ScareCrow is a payload creation framework for side loading (not injecting) into a legitimate Windows process (bypassing Application Whitelisting controls). Once the DLL loader is loaded into memory, it utilizes a technique to flush an EDR’s hook out of the system DLLs running in the process's memory. This works because we know the EDR’s hooks are placed when a process is spawned. ScareCrow can target these DLLs and manipulate them in memory by using the API function VirtualProtect, which changes a section of a process’ memory permissions to a different value, specifically from Execute–Read to Read-Write-Execute.
When executed, ScareCrow will copy the bytes of the system DLLs stored on disk in
C:\Windows\System32\. These DLLs are stored on disk “clean” of EDR hooks because they are used by the system to load an unaltered copy into a new process when it’s spawned. Since EDR’s only hook these processes in memory, they remain unaltered. ScareCrow does not copy the entire DLL file, instead only focuses on the .text section of the DLLs. This section of a DLL contains the executable assembly, and by doing this ScareCrow helps reduce the likelihood of detection as re-reading entire files can cause an EDR to detect that there is a modification to a system resource. The data is then copied into the right region of memory by using each function’s offset. Each function has an offset which denotes the exact number of bytes from the base address where they reside, providing the function’s location on the stack.

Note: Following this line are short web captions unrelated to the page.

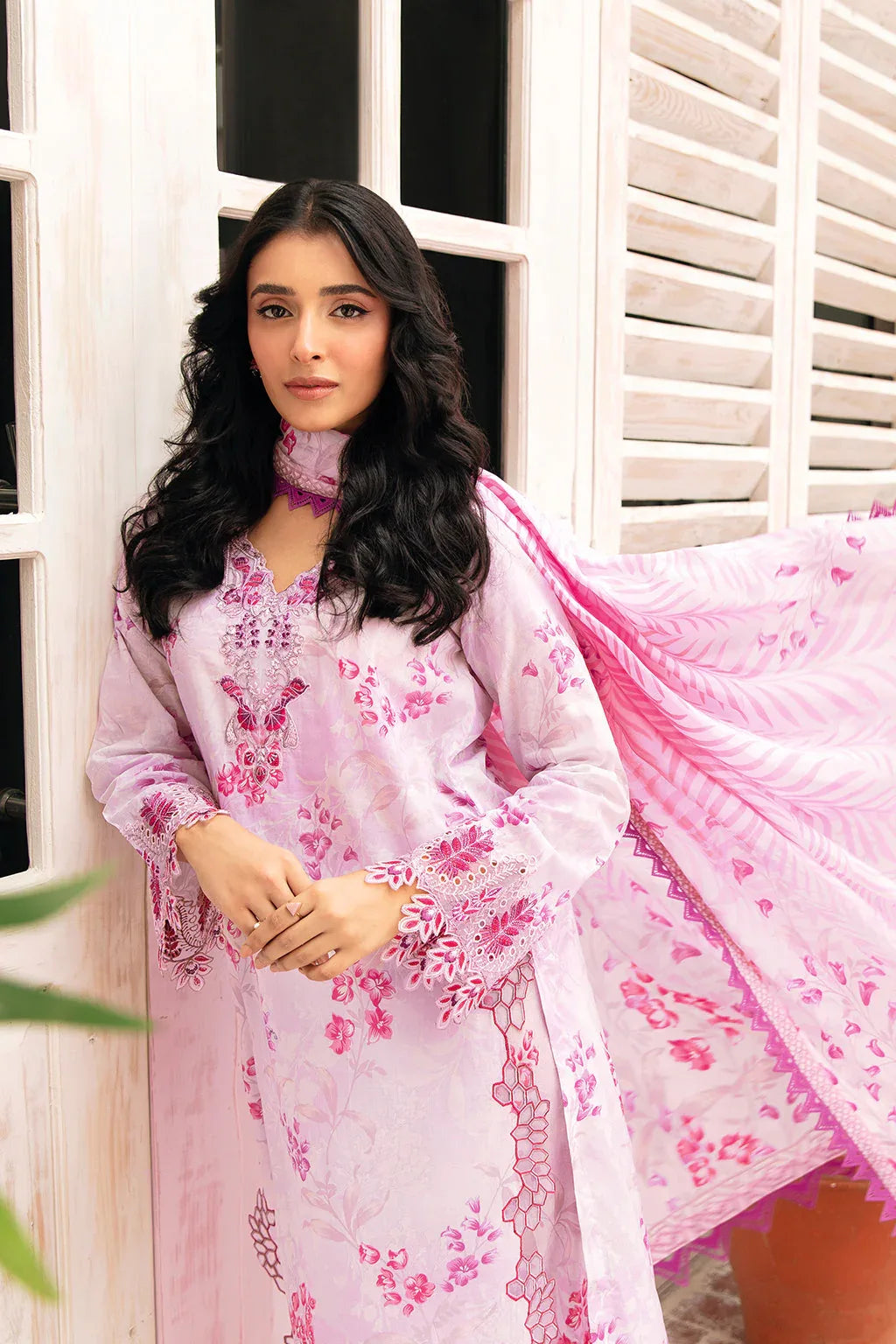 Ramsha | Rangrez Lawn Collection | N-405 - Aqsa Fabrics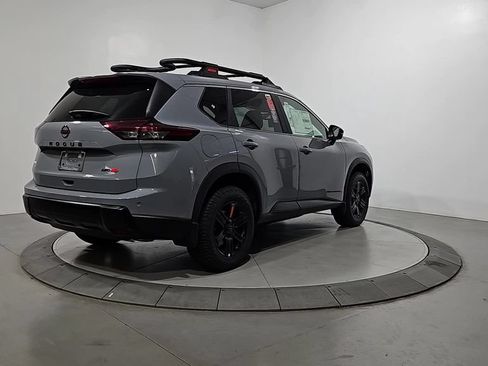 New 2026 Nissan Rogue SV AWD/4WD image 4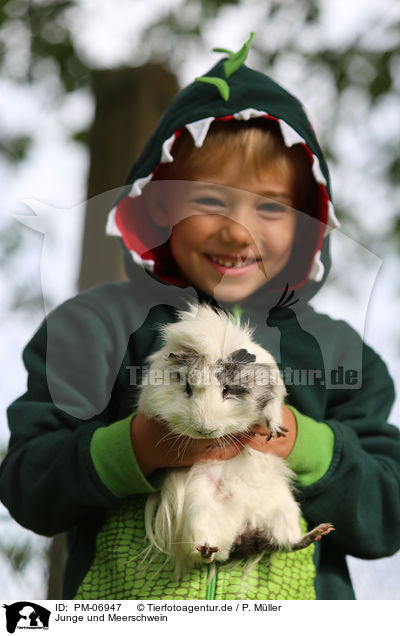 Junge und Meerschwein / boy and guinea pig / PM-06947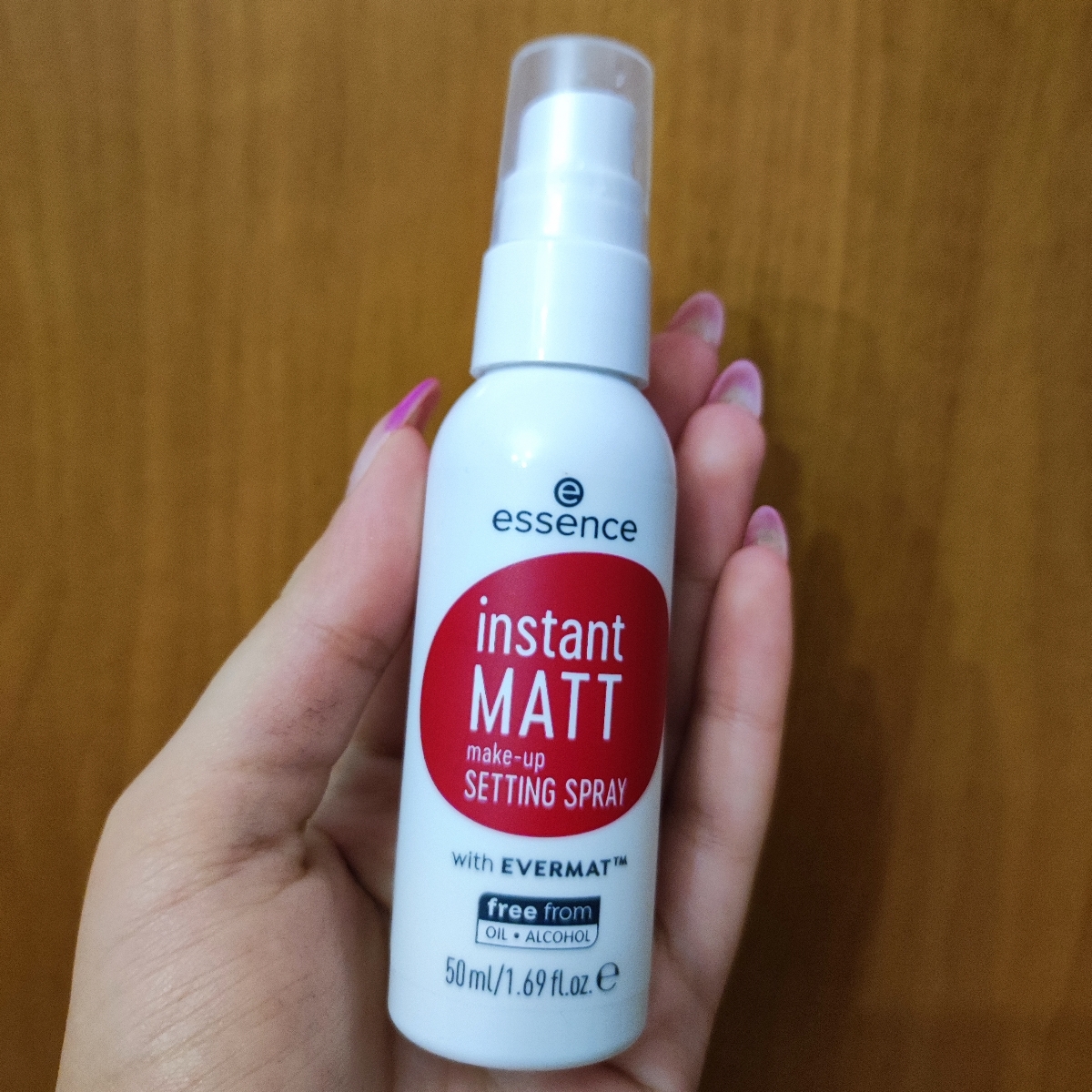 Essence instant matt make up setting spray Review | abillion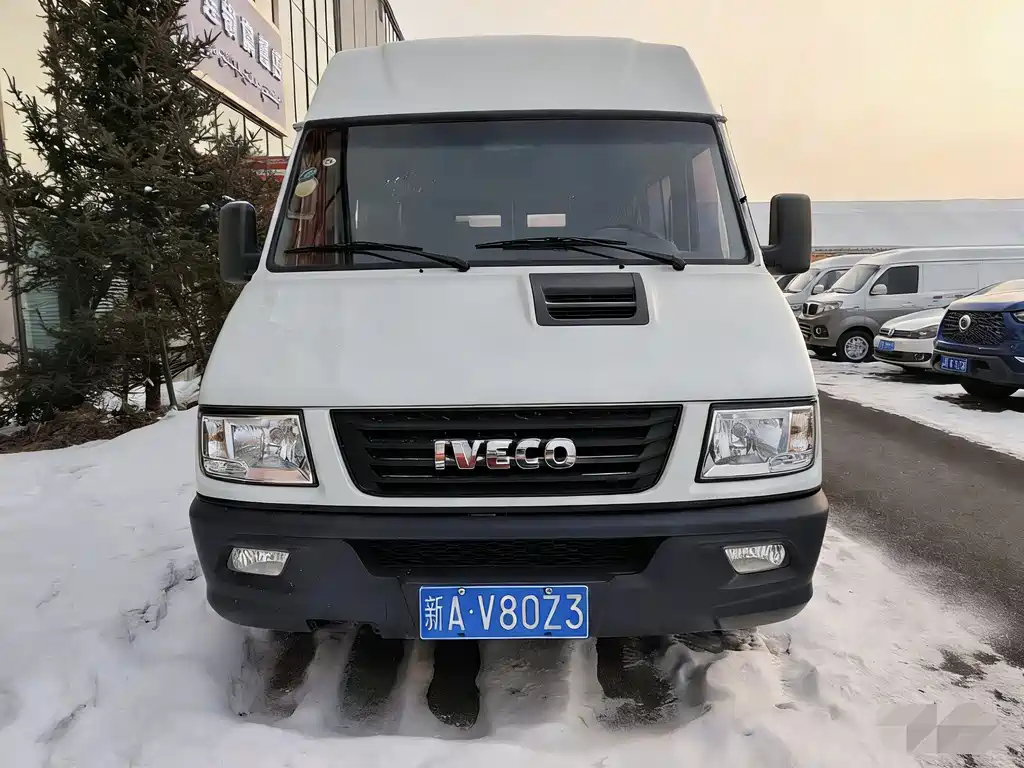 IVECO PROUD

To do this, ScareCrow changes the permissions of the .text region of memory using VirtualProtect. Even though this is a system DLL, since it has been loaded into our process (that we control), we can change the memory permissions without requiring elevated privileges.
Once these the hooks are removed, ScareCrow then utilizes custom System Calls to load and run shellcode in memory. ScareCrow does this even after the EDR hooks are removed to help avoid detection by non-userland, hook-based telemetry gathering tools such as Event Tracing for Windows (ETW) or other event logging mechanisms. These custom system calls are also used to perform the VirtualProtect call to remove the hooks placed by EDRs, described above, to avoid detection by any EDR’s anti-tamper controls. This is done by calling a custom version of the VirtualProtect syscall, NtProtectVirtualMemory. ScareCrow utilizes Golang to generate these loaders and then assembly for these custom syscall functions.
ScareCrow loads the shellcode into memory by first decrypting the shellcode, which is encrypted by default using AES encryption with a decryption and initialization vector key. Once decrypted and loaded, the shellcode is then executed. Depending on the loader options specified ScareCrow will set up different export functions for the DLL. The loaded DLL also does not contain the standard DLLmain function which all DLLs typically need to operate. The DLL will still execute without any issue because the process we load into will look for those export functions and not worry about DLLMain being there.
During the creation process of the loader, ScareCrow utilizes a library for blending into the background after a beacon calls home. This library does two things:
limelighterto create a pfx12 file. This package takes an inputted domain name, specified by the user, to create a code signing certificate for that domain. If needed, you can also use your own code signing certificate if you have one, using the valid command-line option.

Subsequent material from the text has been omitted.